Lange, sachliche und überaus zähe Diskussionen mündeten am letzten Tag der Konferenz in die Annahme einer Konvention sowie einer Empfehlung in diesem Bereich.
Kurz ein Wort zur Internationalen Arbeitsorganisation (ILO): Sie ist ein Gremium aus Arbeitnehmer-, Arbeitgeber- und Regierungsvertretern auf allerhöchstem Weltniveau. Diesem Dreiergespann gehören derzeit 187 Mitgliedsländer an. In diesem Jahr feiert die ILO ihr hundertjähriges Bestehen. Auch in Luxemburg soll diesbezüglich Ende 2019 eine Veranstaltung stattfinden.

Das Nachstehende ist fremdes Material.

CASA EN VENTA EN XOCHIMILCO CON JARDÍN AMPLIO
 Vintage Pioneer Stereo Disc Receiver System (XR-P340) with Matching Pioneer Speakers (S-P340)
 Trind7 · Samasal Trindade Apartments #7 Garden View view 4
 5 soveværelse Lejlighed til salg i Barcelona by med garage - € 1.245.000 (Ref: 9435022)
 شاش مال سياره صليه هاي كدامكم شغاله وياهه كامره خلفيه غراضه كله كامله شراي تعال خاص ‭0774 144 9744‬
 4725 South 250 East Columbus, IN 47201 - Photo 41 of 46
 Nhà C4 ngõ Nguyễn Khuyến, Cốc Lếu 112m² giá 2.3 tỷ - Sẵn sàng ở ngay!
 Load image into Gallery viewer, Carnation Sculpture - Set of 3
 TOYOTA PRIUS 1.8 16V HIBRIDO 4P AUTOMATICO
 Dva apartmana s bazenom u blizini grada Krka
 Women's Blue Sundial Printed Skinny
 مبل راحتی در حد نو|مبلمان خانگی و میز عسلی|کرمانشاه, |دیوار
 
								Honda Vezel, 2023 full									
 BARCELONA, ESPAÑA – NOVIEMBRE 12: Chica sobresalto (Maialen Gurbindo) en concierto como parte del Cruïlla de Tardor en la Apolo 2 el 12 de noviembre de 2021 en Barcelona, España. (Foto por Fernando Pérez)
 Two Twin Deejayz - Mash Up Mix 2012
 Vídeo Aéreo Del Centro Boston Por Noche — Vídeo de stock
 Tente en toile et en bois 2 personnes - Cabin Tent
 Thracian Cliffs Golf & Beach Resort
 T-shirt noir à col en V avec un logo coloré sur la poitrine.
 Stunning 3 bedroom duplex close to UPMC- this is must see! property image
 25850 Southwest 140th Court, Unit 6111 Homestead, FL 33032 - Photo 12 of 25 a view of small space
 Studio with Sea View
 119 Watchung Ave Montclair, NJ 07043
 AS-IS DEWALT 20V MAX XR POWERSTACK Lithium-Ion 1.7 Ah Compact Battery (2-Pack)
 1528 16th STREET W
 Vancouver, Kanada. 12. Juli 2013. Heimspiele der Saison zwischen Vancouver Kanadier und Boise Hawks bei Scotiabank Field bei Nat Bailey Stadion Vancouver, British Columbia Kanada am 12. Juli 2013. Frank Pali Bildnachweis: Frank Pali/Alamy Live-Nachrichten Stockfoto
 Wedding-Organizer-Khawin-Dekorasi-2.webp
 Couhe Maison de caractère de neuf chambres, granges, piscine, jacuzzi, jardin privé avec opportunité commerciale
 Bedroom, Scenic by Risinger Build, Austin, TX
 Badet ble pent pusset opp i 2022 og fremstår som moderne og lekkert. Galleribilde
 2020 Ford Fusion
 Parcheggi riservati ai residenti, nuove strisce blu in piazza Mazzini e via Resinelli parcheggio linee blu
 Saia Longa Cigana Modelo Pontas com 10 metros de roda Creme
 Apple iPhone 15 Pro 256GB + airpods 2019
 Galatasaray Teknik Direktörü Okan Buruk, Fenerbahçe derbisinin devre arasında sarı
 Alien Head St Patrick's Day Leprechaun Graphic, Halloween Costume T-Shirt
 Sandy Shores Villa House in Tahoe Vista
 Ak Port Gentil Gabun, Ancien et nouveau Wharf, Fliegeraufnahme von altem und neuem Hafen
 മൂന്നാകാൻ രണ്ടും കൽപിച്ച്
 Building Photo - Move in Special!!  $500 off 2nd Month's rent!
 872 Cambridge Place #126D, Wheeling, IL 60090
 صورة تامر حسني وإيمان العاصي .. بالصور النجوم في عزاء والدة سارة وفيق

Als Gewerkschafter muss man immer wieder feststellen, dass Gewerkschaftsarbeit in anderen Teilen der Welt ganz oft große Gefahren birgt, vor allem für kritische Gewerkschaftsvertreter, die ihren Einsatz für ihre Kollegen nicht selten mit dem bitteren Tod bezahlen müssen.

Stets wiederkehrende Themen bei der Konferenz sind die Gewerkschaftsfreiheit, die Zwangsarbeit (wovon weltweit 24,9 Millionen Menschen betroffen sind) oder eben auch die Kinderarbeit, die es unter keinen Umständen geben dürfte. Sie stellt einen regelrechten Skandal dar, vor dem insbesondere Gewerkschaftsvertreter auf keinen Fall die Augen schließen dürfen.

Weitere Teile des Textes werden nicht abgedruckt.